Because I’m such a go-al getter I made more lists.
My daily check list included the following: pray, meditation, water (drinking enough), journal, workout, getting outside, working out and yoga. Reading and writing (I am committed to Counios and Gane). Blogging, some form of creativity, and a bedtime routine. It’s a basic list but I think it helped me get through peacefully from day to day with physical, spiritual and mental stimulation.
My social circles tightened right up. Because they had to. I did foster a couple of relationships that were time zone dependent. My friend Maria, who lives in Greece would be at home in the evening while I’d be at work but with my new less rigid schedule we were able to hang out more.

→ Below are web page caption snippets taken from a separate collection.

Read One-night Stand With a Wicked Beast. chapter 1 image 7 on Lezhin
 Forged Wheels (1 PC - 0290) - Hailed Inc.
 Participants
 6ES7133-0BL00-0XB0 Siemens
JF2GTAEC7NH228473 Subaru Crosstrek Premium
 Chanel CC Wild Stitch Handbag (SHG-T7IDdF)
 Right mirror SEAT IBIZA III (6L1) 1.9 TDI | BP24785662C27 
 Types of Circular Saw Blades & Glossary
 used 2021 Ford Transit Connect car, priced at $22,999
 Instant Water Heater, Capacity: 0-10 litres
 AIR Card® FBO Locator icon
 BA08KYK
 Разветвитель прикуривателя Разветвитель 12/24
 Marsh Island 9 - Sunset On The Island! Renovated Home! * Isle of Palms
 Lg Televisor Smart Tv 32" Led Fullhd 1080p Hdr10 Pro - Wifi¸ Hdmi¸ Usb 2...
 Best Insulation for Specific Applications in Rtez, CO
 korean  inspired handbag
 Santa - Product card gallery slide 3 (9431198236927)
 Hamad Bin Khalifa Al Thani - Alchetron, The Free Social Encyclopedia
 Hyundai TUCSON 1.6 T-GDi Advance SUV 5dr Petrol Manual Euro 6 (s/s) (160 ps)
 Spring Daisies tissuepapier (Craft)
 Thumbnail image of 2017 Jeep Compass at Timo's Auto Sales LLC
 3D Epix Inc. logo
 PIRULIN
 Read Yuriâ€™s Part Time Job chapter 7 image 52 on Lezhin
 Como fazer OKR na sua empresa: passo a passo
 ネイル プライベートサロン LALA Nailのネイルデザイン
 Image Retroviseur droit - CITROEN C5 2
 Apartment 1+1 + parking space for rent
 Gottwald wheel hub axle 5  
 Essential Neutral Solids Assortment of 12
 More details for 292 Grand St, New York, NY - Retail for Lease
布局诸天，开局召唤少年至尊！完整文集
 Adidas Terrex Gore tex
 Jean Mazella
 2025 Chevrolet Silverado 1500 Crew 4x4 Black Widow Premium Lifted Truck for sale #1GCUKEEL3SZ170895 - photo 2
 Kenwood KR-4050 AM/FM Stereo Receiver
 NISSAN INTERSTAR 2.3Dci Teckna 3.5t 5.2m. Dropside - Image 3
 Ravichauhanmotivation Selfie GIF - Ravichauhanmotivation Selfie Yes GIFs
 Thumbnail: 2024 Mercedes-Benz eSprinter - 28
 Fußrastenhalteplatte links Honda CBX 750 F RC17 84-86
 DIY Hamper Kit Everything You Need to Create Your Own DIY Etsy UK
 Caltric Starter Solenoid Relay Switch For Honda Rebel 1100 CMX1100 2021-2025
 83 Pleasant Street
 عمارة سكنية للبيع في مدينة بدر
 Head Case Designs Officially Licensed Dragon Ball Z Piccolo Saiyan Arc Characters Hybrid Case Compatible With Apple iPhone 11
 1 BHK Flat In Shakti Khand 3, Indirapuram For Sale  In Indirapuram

Many people floundered with this lack of direction but I didn’t, because I didn’t want to. I didn’t want to waste my days. Even the time off at the beginning felt like a gift.
What I realized about myself is that although I love people and I love making connections I’m also super duper skilled at being a lone wolf. Yes. That’s a skill. I have taken to the moments of silence and solitude like a delicious warm sweet tea. It’s good for me. It comforts me and I want it.
The final realization was how important every single person is for our world to move along smoothly. Each person has a task and is relative—the person who stocks the shelves, the garbage collectors, factory workers, those who clean and organize and run business—each person is needed.
We are all needed. I hope that we can remember this as we move away from the days of lock downs and quarantines and all the things that came with this strange, unique and challenging time. I hope that we can now itemize the things we really need and the things we don’t. Fingers crossed that day by day these all just become history and our learnings stick.